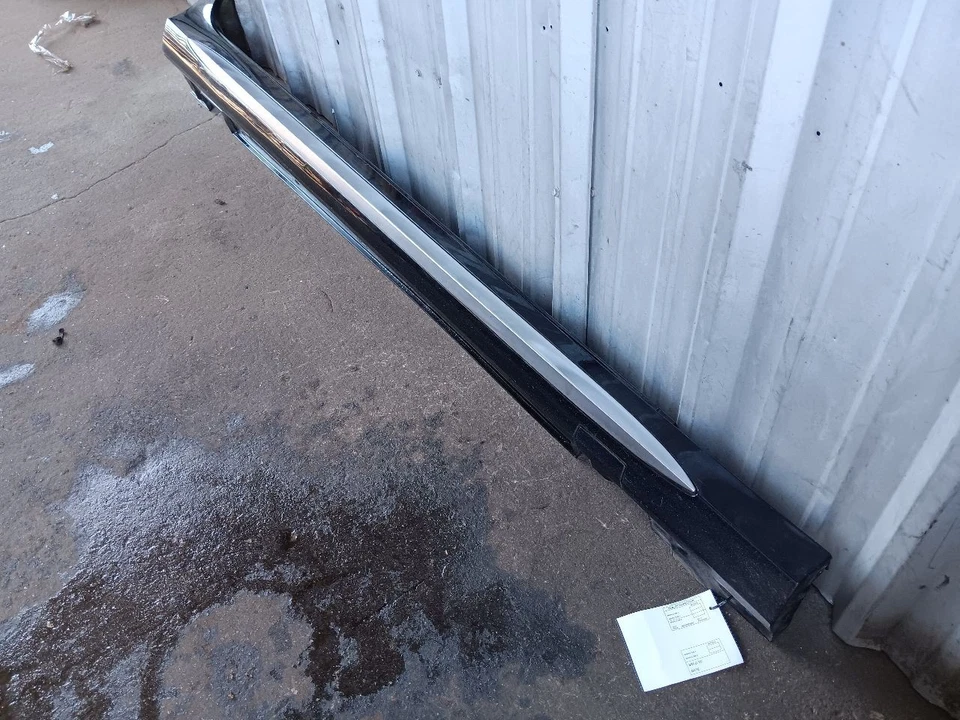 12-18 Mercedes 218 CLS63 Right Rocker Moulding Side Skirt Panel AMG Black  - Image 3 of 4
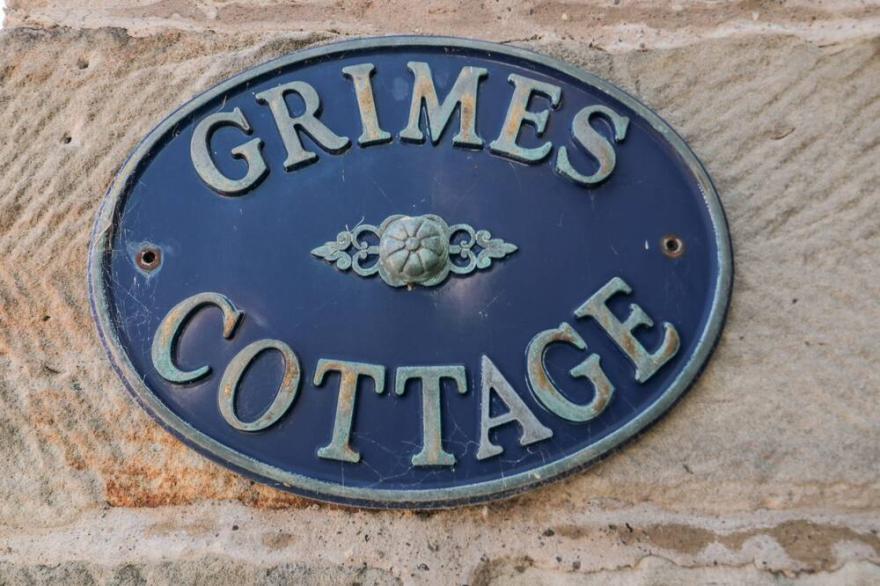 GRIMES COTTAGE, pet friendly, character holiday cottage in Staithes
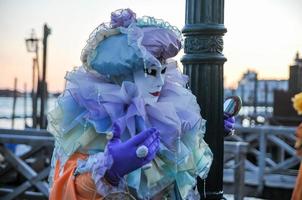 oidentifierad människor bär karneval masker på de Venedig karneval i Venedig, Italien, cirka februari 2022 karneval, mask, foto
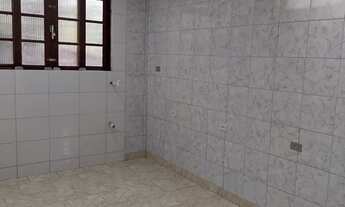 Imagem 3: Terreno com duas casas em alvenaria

__________

■ PROBLEM TO SOLVE
Where a picture appears in the data, omit it; restate the rest word for word.

■ WORKED SOLUTION
 12-18 Mercedes 218 CLS63 Right Rocker Moulding Side Skirt Panel AMG Black  - Image 3 of 4
 GRIMES COTTAGE, pet friendly, character holiday cottage in Staithes
 oidentifierad människor bär karneval masker på de Venedig karneval i Venedig, Italien, cirka februari 2022 karneval, mask, foto
 Imagem 3: Terreno com duas casas em alvenaria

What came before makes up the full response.